◆ Your goal
Each record that follows is to be transcribed exactly, excluding its images.

Records from a dataset
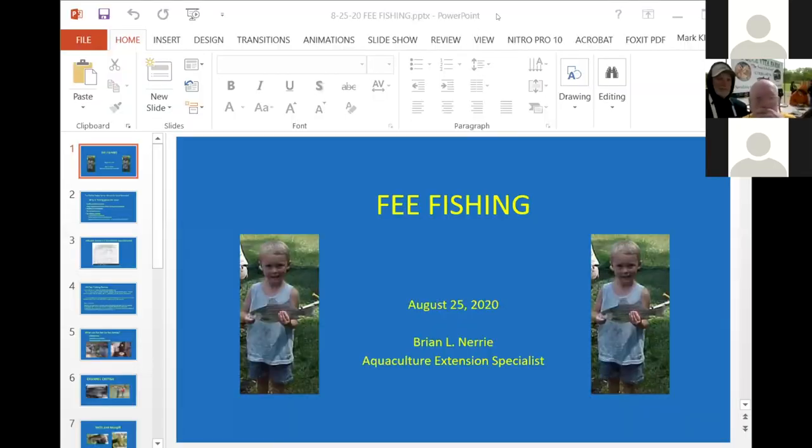I am David Crosby of Virginia State University. I want to welcome everybody that has logged in today. This is the fourth of the series of aquaculture for homesteading rural and urban.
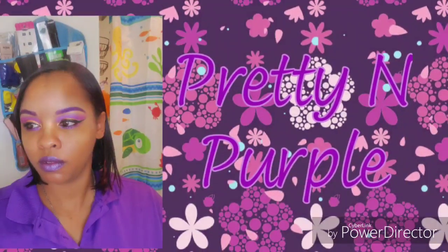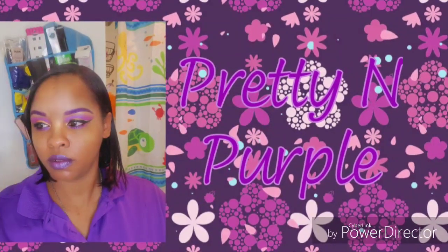Hi guys, welcome back to my channel. If you're new here, welcome! Here's my pretty purple look that I created using my Alamar Spanglish palette. My brows are done with a purple eye pencil — Nebula by NYX — and I filled them in with some purple eyeshadow and set it with my NYX Control Freak brow gel. If you want to see how I got this look, please keep watching. As always, thank you for the love and support!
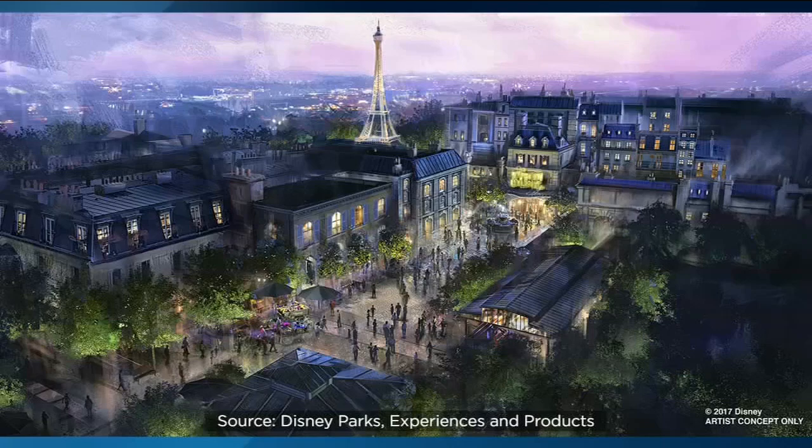The Ratatouille ride — we've seen some artist renderings of what it's supposed to look like, but when you actually go inside, it is literally larger than life. There are things that are huge, and you're supposedly the size of a rat. Here is what one of the Disney officials told us: 'You really feel like you've shrunk down to the size of a rat from the movie Ratatouille, and you're going through all these different scenes. The characters from the movie are real, and it's just going to be such a fun family adventure over there in our France pavilion.'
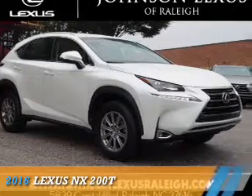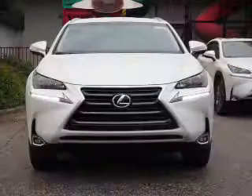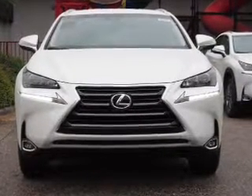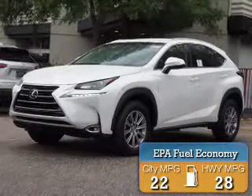Presenting the 2016 Lexus NX200T. It's powered by front-wheel drive, a two-liter four-cylinder engine, and a six-speed automatic transmission. Great fuel efficiency saves you money by requiring fewer trips to the gas station.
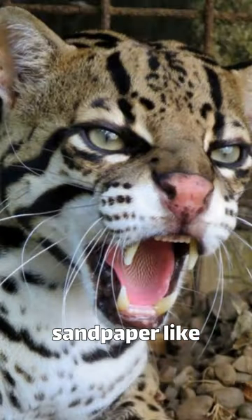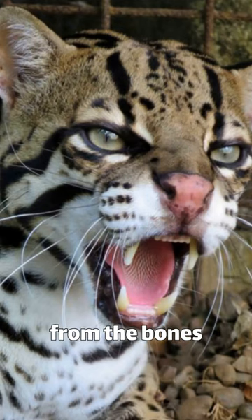Their tongue has a sandpaper-like coating which allows them to remove all the meat from the bones and lick them clean.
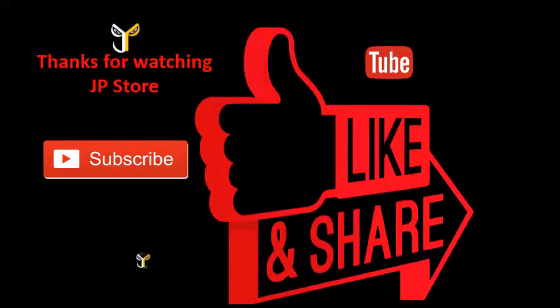Thanks for watching JP Store. Please do subscribe, like, and share. I'll see you next time.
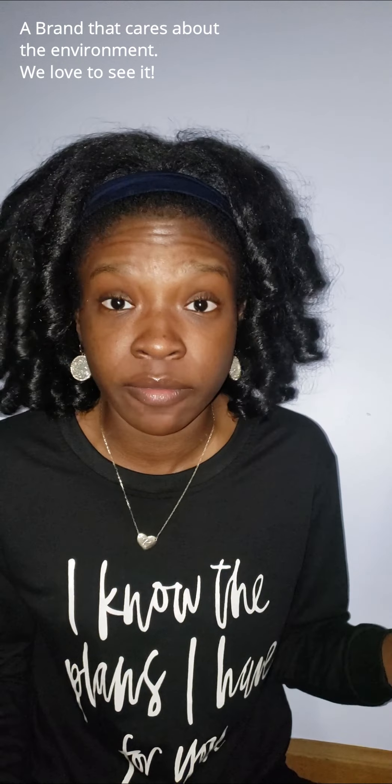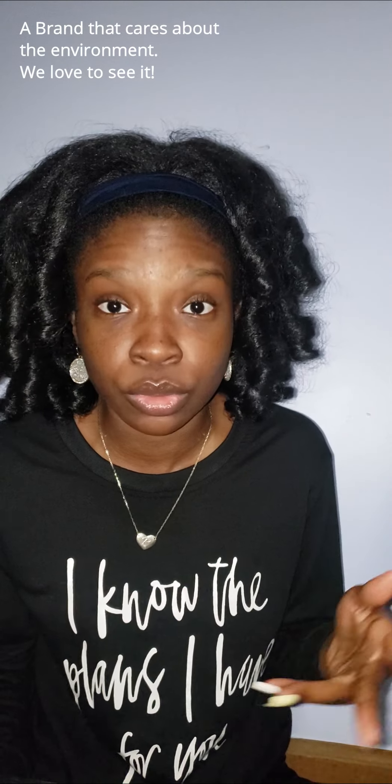Y'all are going to have to ignore my nails — I know, I should do better, but that's not the point. We came here to unbox. It comes in this 100% sustainable bag. I personally love brands that consider the environment because packaging can do a lot of harm. So I love that. It comes in this black bag — really nice, really sleek.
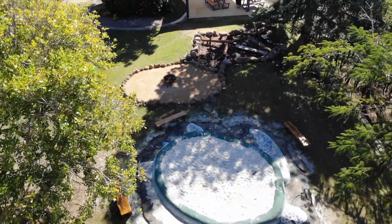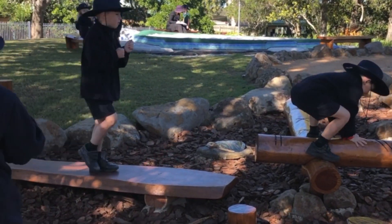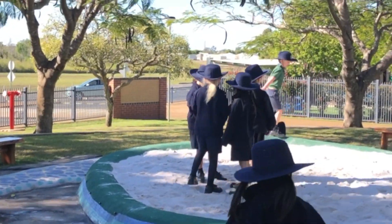Understanding that our children need to become risk takers in their play and to have more opportunity for imaginative exploration — style play rather than it all being very structured and guided and safe and clean. We really wanted to make sure that the students could explore their imaginations.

◆ Finished task
I am David Crosby of Virginia State University. I want to welcome everybody that has logged in today. This is the fourth of the series of aquaculture for homesteading rural and urban.
Hi guys, welcome back to my channel. If you're new here, welcome! Here's my pretty purple look that I created using my Alamar Spanglish palette. My brows are done with a purple eye pencil — Nebula by NYX — and I filled them in with some purple eyeshadow and set it with my NYX Control Freak brow gel. If you want to see how I got this look, please keep watching. As always, thank you for the love and support!
The Ratatouille ride — we've seen some artist renderings of what it's supposed to look like, but when you actually go inside, it is literally larger than life. There are things that are huge, and you're supposedly the size of a rat. Here is what one of the Disney officials told us: 'You really feel like you've shrunk down to the size of a rat from the movie Ratatouille, and you're going through all these different scenes. The characters from the movie are real, and it's just going to be such a fun family adventure over there in our France pavilion.'
Presenting the 2016 Lexus NX200T. It's powered by front-wheel drive, a two-liter four-cylinder engine, and a six-speed automatic transmission. Great fuel efficiency saves you money by requiring fewer trips to the gas station.
Their tongue has a sandpaper-like coating which allows them to remove all the meat from the bones and lick them clean.
Thanks for watching JP Store. Please do subscribe, like, and share. I'll see you next time.
Y'all are going to have to ignore my nails — I know, I should do better, but that's not the point. We came here to unbox. It comes in this 100% sustainable bag. I personally love brands that consider the environment because packaging can do a lot of harm. So I love that. It comes in this black bag — really nice, really sleek.
Understanding that our children need to become risk takers in their play and to have more opportunity for imaginative exploration — style play rather than it all being very structured and guided and safe and clean. We really wanted to make sure that the students could explore their imaginations.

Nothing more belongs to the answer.